Beneath this sentence is a listing. Return its lines from the one containing "100Pcs Disposable Plastic" through the last, exactly, and omit the pictures.

**INFORMATION SHOWN**:
^^^^^^^^^^^^^^^^

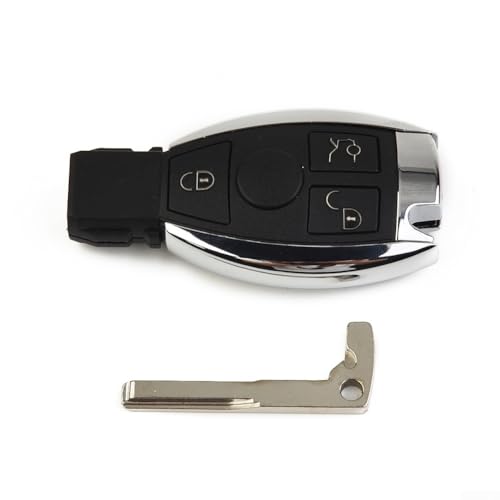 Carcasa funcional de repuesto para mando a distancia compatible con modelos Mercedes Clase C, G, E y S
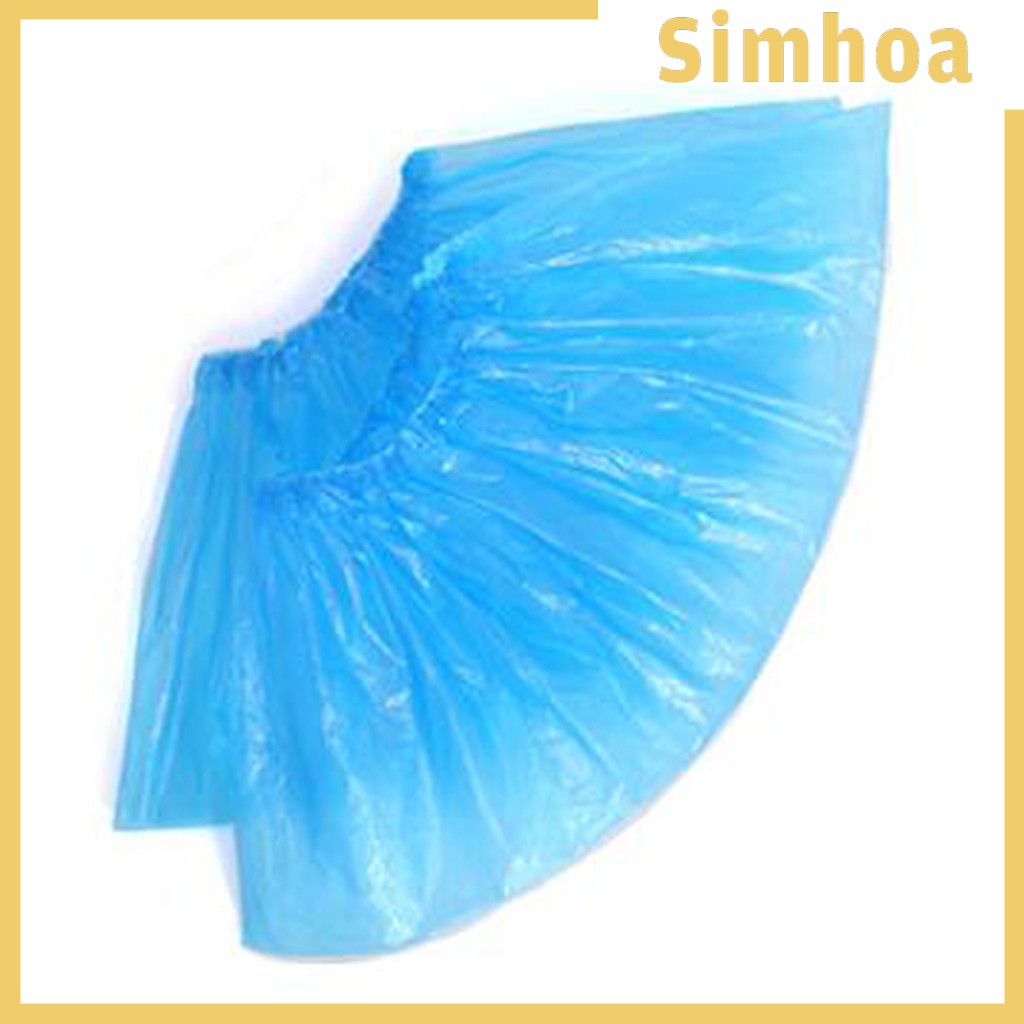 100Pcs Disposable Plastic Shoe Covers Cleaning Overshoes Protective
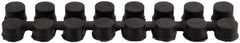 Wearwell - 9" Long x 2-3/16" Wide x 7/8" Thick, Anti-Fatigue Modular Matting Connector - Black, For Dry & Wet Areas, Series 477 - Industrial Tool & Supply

^^^^^^^^^^^^^^^^

**RESPONSE TO THE TASK**:
 100Pcs Disposable Plastic Shoe Covers Cleaning Overshoes Protective
 Wearwell - 9" Long x 2-3/16" Wide x 7/8" Thick, Anti-Fatigue Modular Matting Connector - Black, For Dry & Wet Areas, Series 477 - Industrial Tool & Supply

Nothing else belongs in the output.